Pediatric Brain MRI for Myelin Maturation Age Estimation (Basel cohort)
2025-12-05https://doi.org/10.1148/atlas.1764971690141
123
Overview
Schema Version
https://atlas.rsna.org/schemas/2025-11/dataset.json
Name
Pediatric Brain MRI for Myelin Maturation Age Estimation (Basel cohort)
Link
https://zenodo.org/record/8055666
Indexing
Keywords: pediatric brain MRI, myelin maturation, myelination age, T1-weighted, T2-weighted, deep learning, CNN, ensemble model, Basel cohort, neonates, infants, young children
Content: MR, NR, PD
RadLex: RID10796
Author(s)
Tugba Akinci D’Antonoli
Ramona-Alexandra Todea
Nora Leu
Alexandre N. Datta
Bram Stieltjes
Friederike Pruefer
Jakob Wasserthal
Organization(s)
University Children’s Hospital Basel, Department of Pediatric Radiology
University Children’s Hospital Basel, Department of Pediatric Neurology and Developmental Medicine
Institute of Radiology and Nuclear Medicine, Cantonal Hospital Basel
University Hospital Basel, Department of Neuroradiology, Clinic of Radiology and Nuclear Medicine
University Hospital Basel, Department of Research and Analysis, Clinic of Radiology and Nuclear Medicine
Funding
Authors declared no funding for this work.
Ethical review
Approved by the Ethics Committee Northwest and Central Switzerland (EKNZ BASEC ID 2021–01682) with waiver of informed consent.
Comments
Retrospective single-center pediatric brain MRI dataset (0–3 years) labeled with radiologist-determined myelin maturation age; released with the associated publication.
Date
Published: 2023-07-26
References
[1] Akinci D’Antonoli T, Todea RA, Leu N, Datta AN, Stieltjes B, Pruefer F, Wasserthal J. "Development and Evaluation of Deep Learning Models for Automated Estimation of Myelin Maturation Using Pediatric Brain MRI Scans". Radiology: Artificial Intelligence. 2023-09-01. doi:10.1148/ryai.220292. PMID: 37795138. PMCID: PMC10546368.
Dataset
Motivation
Provide a large, diverse open-access dataset to develop and evaluate models that estimate myelin maturation age from pediatric brain MRI.
Sampling
Retrospective retrieval from PACS using PACS/RISCrawler based on brain MRI, age 0–3 years, exams from Jan 1, 2011 to Mar 17, 2021; excluded external transfers, age >36 months, and severe motion or near-global pathology.
Partitioning scheme
Random split with subsequent minor manual adjustments to balance pathology: 85% (710) for training/cross-validation, 15% (123) for internal testing; fivefold cross-validation used for hyperparameter optimization.
Missing information
Sex, race/ethnicity, and exact image resolutions not reported.

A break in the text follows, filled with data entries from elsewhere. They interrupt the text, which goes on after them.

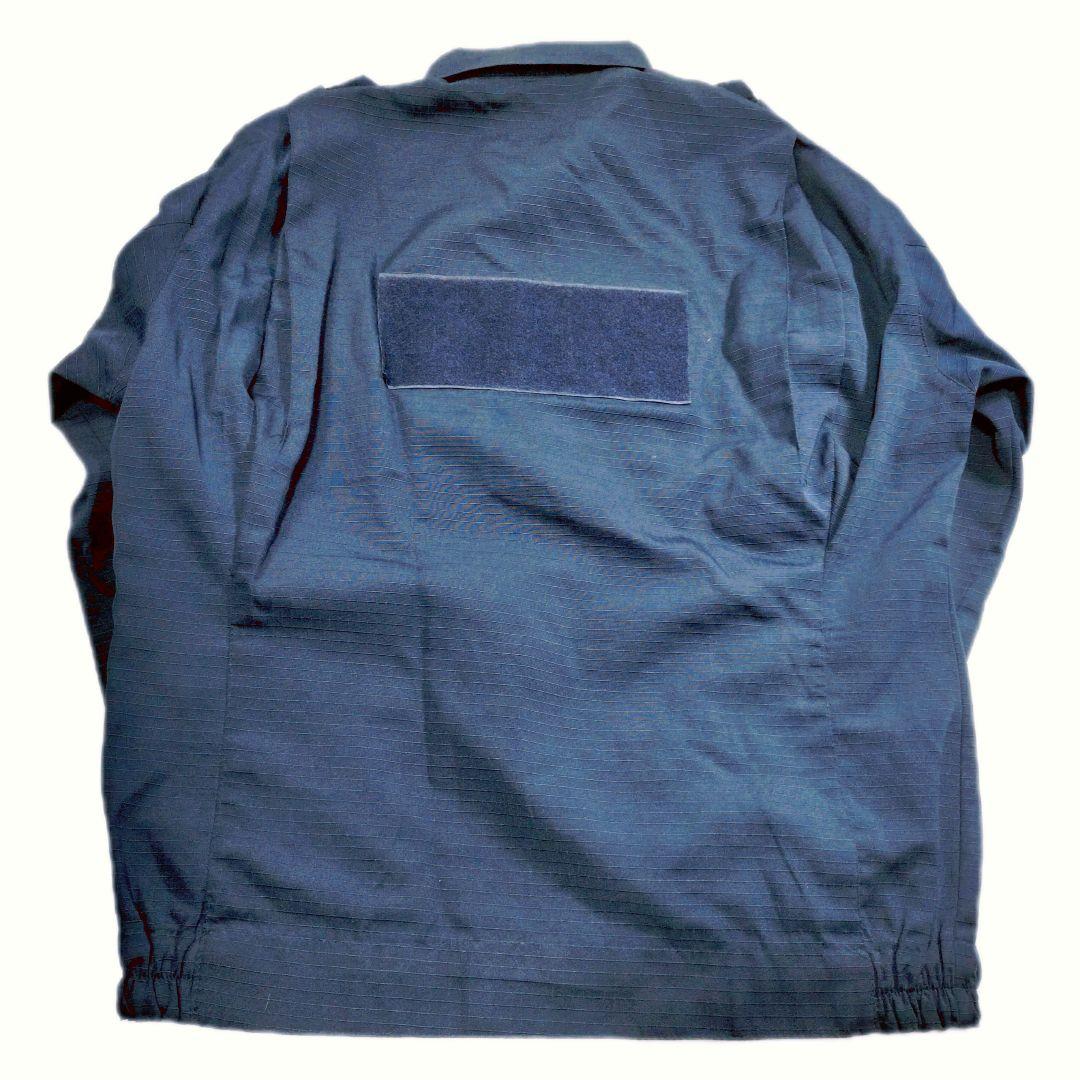 ロシア軍 実物 alfa-komcnab製 常勤服 勤務服 48/50-3/4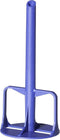 F-Tronic 7390049 Kabeldrager 50 stuk(s)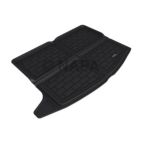 Cargo Area Liner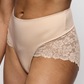 Tailleslip Marie Jo - Soft Studio - Beige - CAL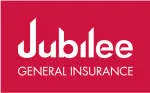 Jubilee General Insurance company logo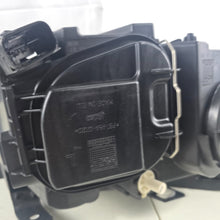 Load image into Gallery viewer, Image #14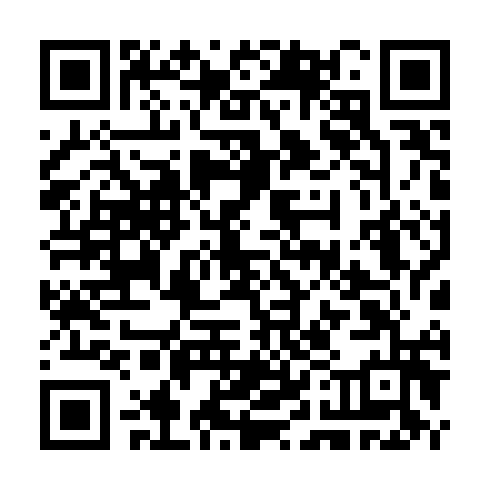QR code for CUB 575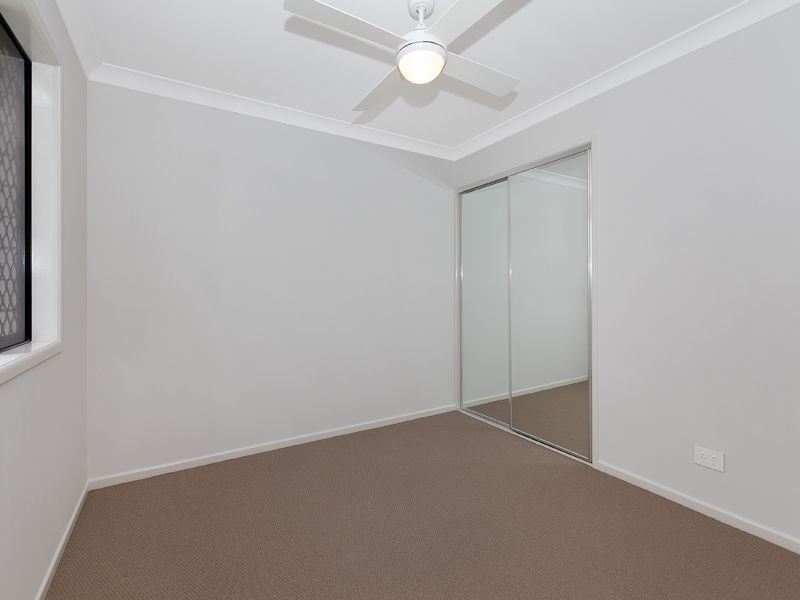 24 Zeitoun Street, Mitchelton QLD 4053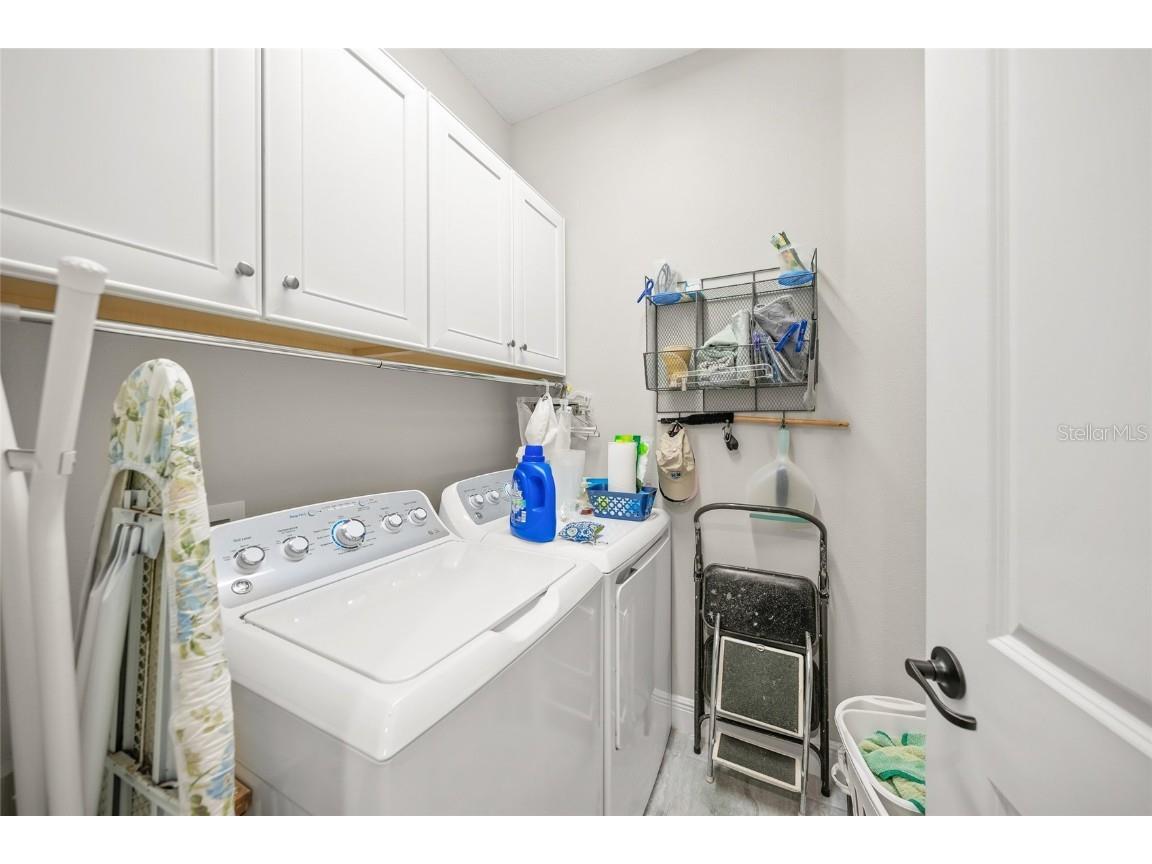 4412 Star Apple Terrace Bradenton FL 34203 A4672934 image31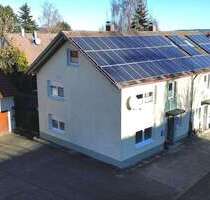 Haus zum Kaufen in Leutkirch 350.000,00 € 132 m²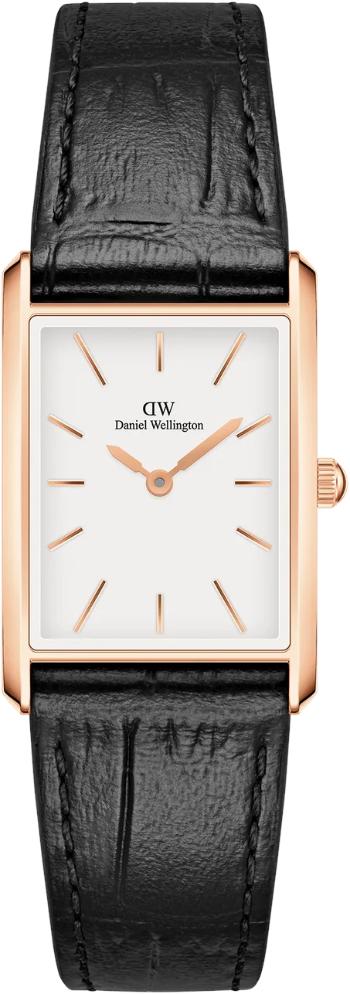 Daniel Wellington Bound 32x22 DW00100693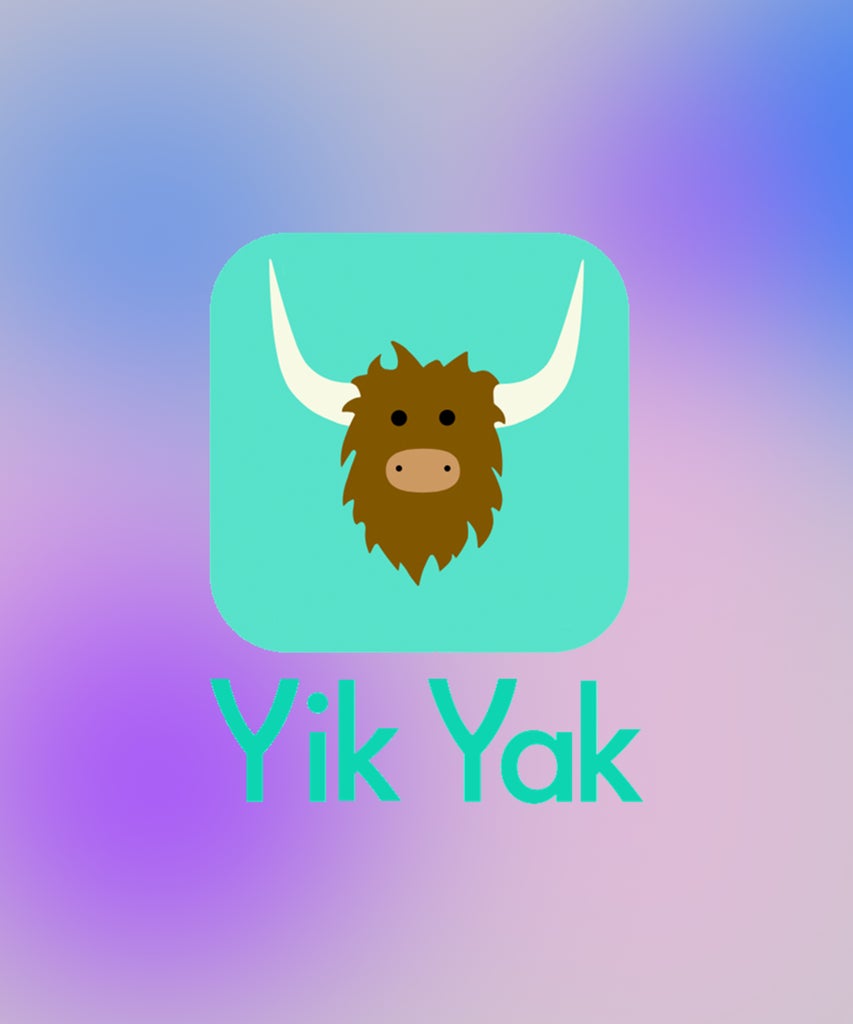 Yik Yak Again
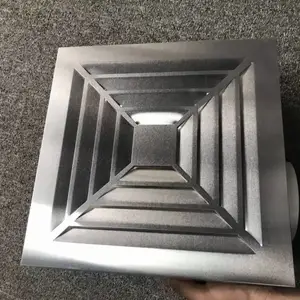 �����������Ż����� ���Ͻ�������� ͨ�绻����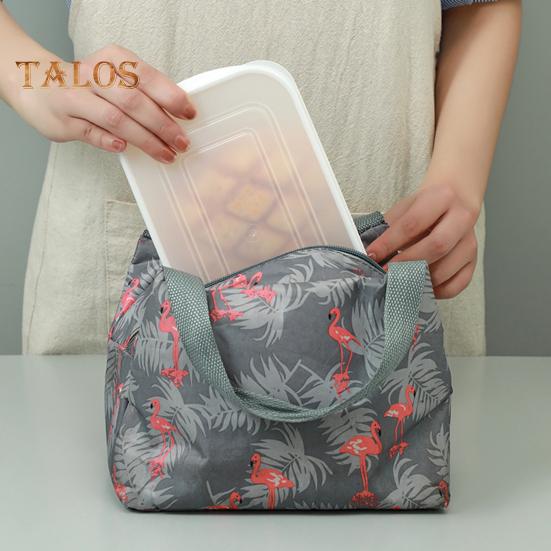 Food Storage Box Temperature Resistant Fresh-Keeping Non-Slip Excellent Fridge Food Storage Container Daily Life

Relationships between instances
Follow-up examinations for the same patient were excluded to maintain one examination per patient.
Noise
Includes cases with minor pathologic features and motion artifacts to reflect real-world variability; acquisition protocols varied over a decade (same scanner).
External data
Two public datasets (NIH pediatric brain MRI database and Developing Human Connectome Project) were used only for external testing, not included in this released dataset.
Confidentiality
Images were de-identified and skull stripped to remove nonbrain tissue.
Re-identification
Risk mitigated by de-identification and skull stripping (SynthStrip) to avoid facial features and PHI.
Sensitive data
Pediatric neuroimaging data (infants and young children).